I sindaci testimoniano della iniquità del regime fiscale
Questo stato di cose era causa di tensioni tra i villici. Scrissero sul problema delle gabelle, sempre più onerose, anche il sindaco di Chirignago e di Spinea. Quest’ultimo, Domenico Dall’Acqua, ricordò esistere nella popolazione dei villici una crescente miseria e un “malcontento generale che si rimarca specialmente dopo l’attivazione della nuova tassa sulla ricchezza mobile”.

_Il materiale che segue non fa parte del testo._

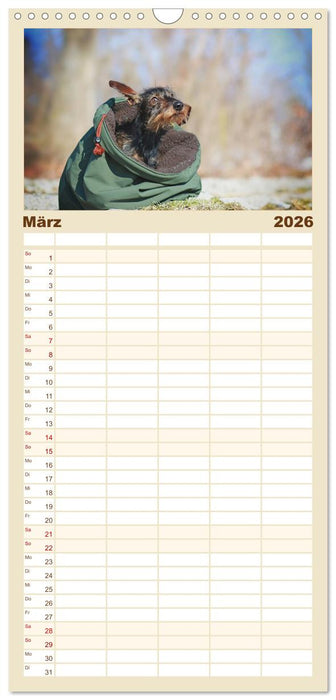 Der Dackel (CALVENDO Familienplaner 2026)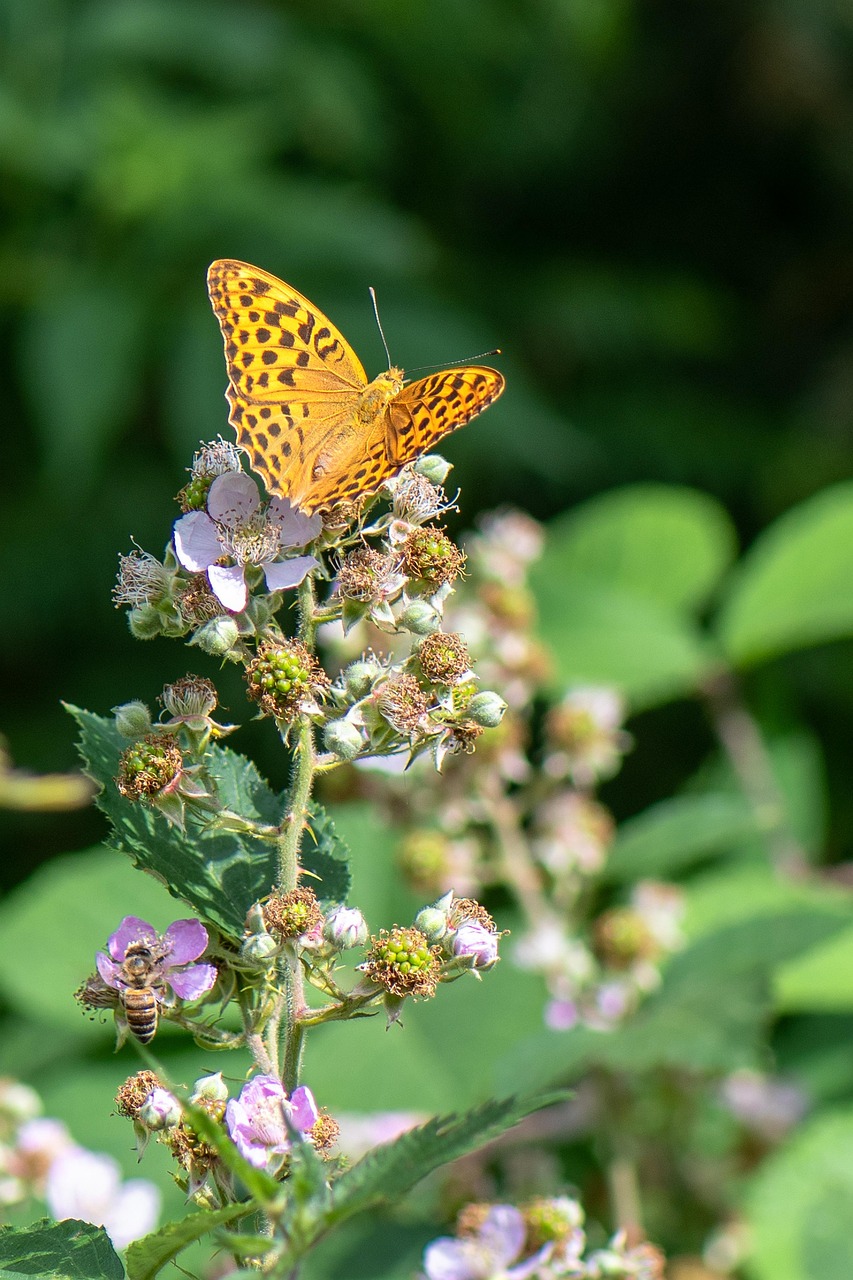 butterfly-4325404_1280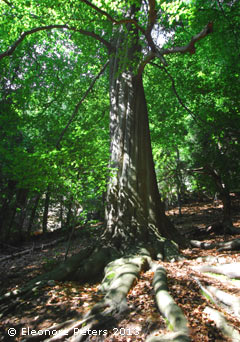 Baum mit großer Wurzel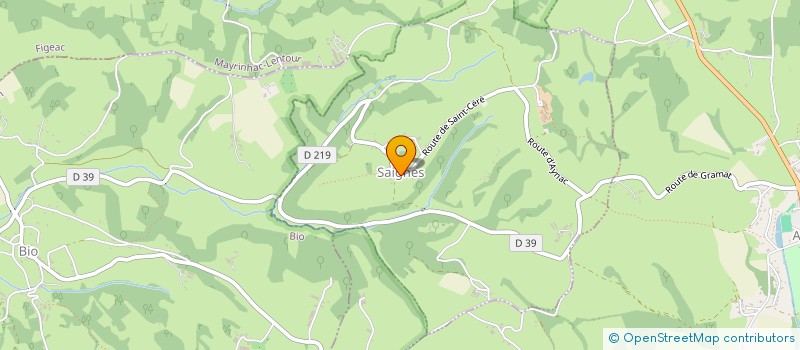 localisation de l'entreprise ISIDON  SAIGNES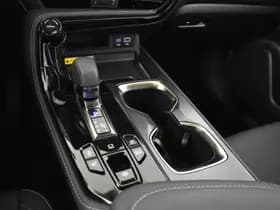 Lexus NX thumbnail 25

Anche per lui era problematico il modo troppo rigoroso con cui fu applicata “su una classe di popolazione che il passato regime straniero, per vista certamente di politica, procurava di caricare il meno possibile”. Insomma si consigliava di adottare il tatto del passato governo austriaco nella riscossione delle gabelle, avendo cura di non caricare troppo sugli strati più miseri della popolazione. A questo riguardo, Dall’Acqua, ricordò anche che all’interno delle famiglie, come nei pubblici ritrovi, si faceva il confronto tra il governo italiano e quello austroungarico.
La tassa sul macinato
Il sindaco di Mestre, Allegri, calcò la mano per chiedere la sostituzione dell’agente delle imposte, troppo fiscale, e per ribadire “la eccessiva gravezza delle imposte per tutte indistintamente le classi”. Il delegato di pubblica sicurezza di Mestre, scrivendo al questore di Venezia, riassunse bene il clima esistente in merito al pagamento delle nuove tasse del governo italiano.

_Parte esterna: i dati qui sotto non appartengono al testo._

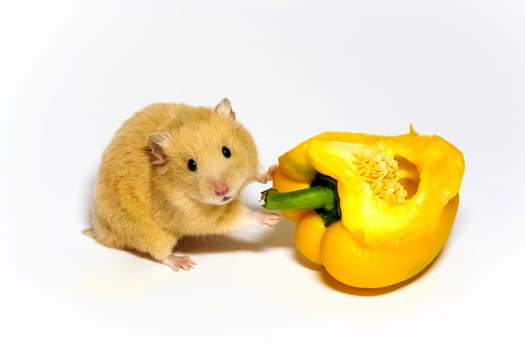 Hamster with a yellow pepper
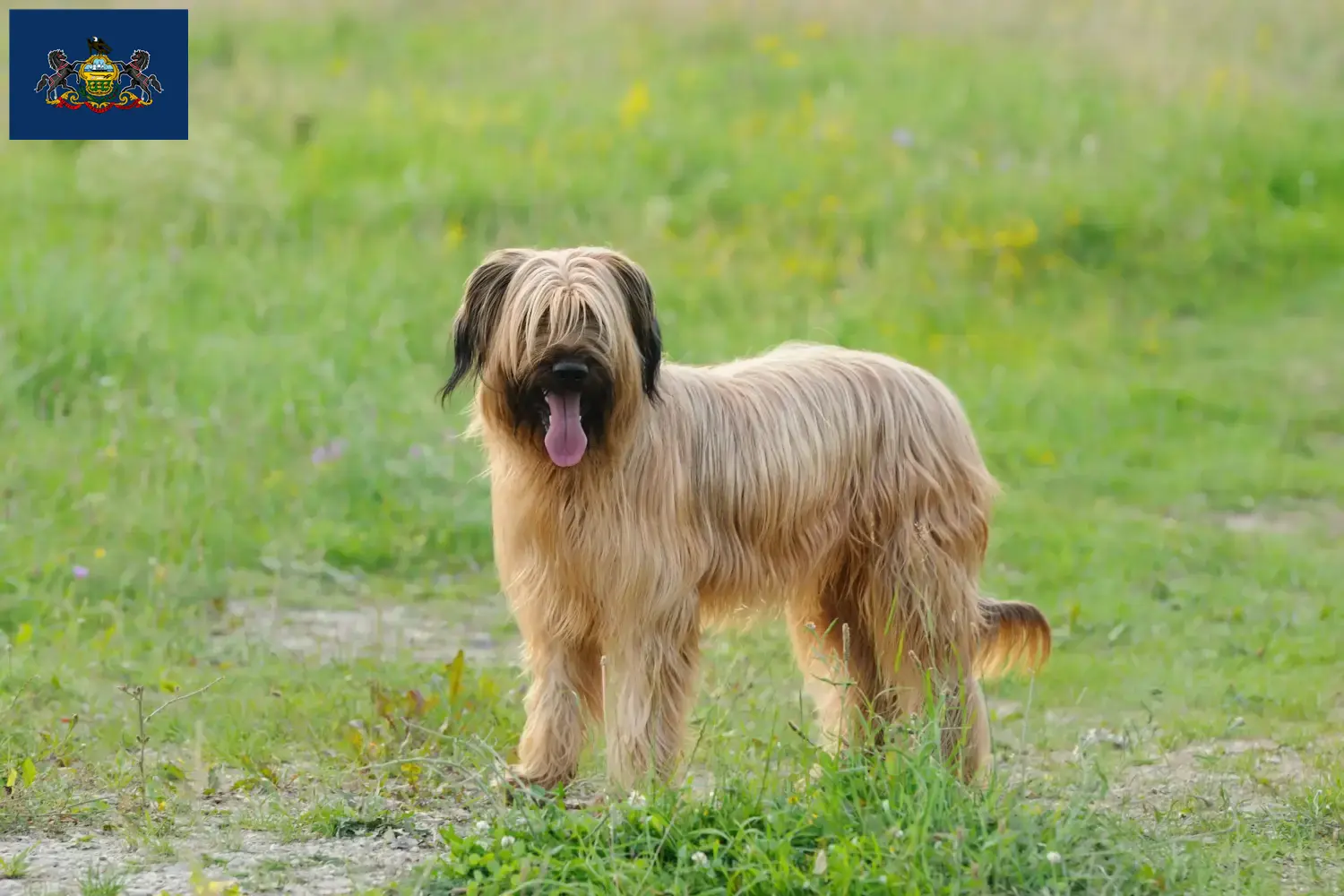 Read more about the article Briard breeders and puppies in Pennsylvania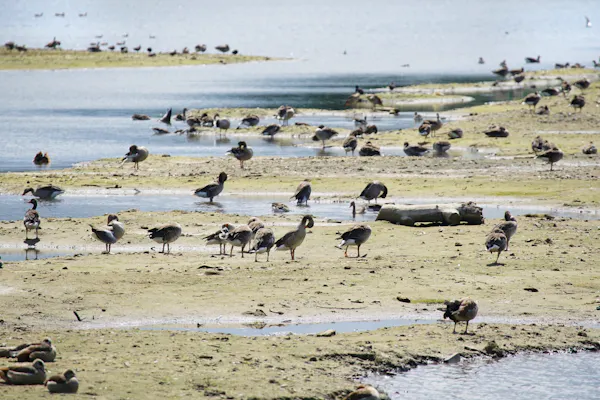 vogels Hooge Kampse Plas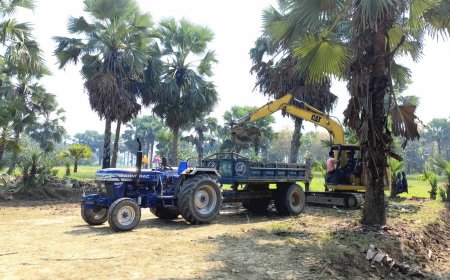 সালথায় ফসলি জমি হতে মাটি কাটার মহোৎসব 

Scrisse che “il contado impastoiato ancora da mille pregiudizi e sobillato dalle arti clericali male si addatta (sic) alle libere istituzioni ed al nuovo ordine di cose e l’intolleranza e il malcontento aumenta ogni dì nei contadini che gridano la croce addosso al Governo, rimpiangendo la straniera dominazione, e tutto per le tasse cui sono tenuti a pagare”. In questo contesto, già preoccupante, arrivò la tassa sul macinato, che indistintamente andava a colpire tutti i consumatori di farina per pane e, soprattutto, polenta.
Nell’ottobre del 1868 il commissario distrettuale informò per la prima volta il prefetto di Venezia, che per un lungo periodo sarebbe stato mensilmente aggiornato nel merito, sullo “spirito delle popolazioni” di fronte all’attivazione della tassa sul macinato. Scrisse, ovviamente, che “ogni imposta trova sempre un’accoglienza poco simpatica nella generalità delle popolazioni” e tanto più ora “che si colpisce vendita e consumi che sfuggivano nello addietro a pubblici aggravi”. Per il commissario la parte intelligente della società capiva le ragioni della nuova tassazione ma “la classe bassa del popolo e nell’aperta campagna il contadiname” non “si piegava ad alcun ragionamento”.
Sulle conseguenze della tassa sul macinato azzardò anche alcune previsioni. Secondo lui a Mestre i popolani non causeranno alcuna perturbazione dell’ordine pubblico in quanto sono “persone che acquistano il genere dai rivenditori, finiranno a subire gli effetti dell’onere senza accorgersi di subirlo, attribuendo il maggior prezzo ad una di quelle tante cause che fanno oscillare i prezzi sul mercato e che quasi mai vengono messe a sindacato”.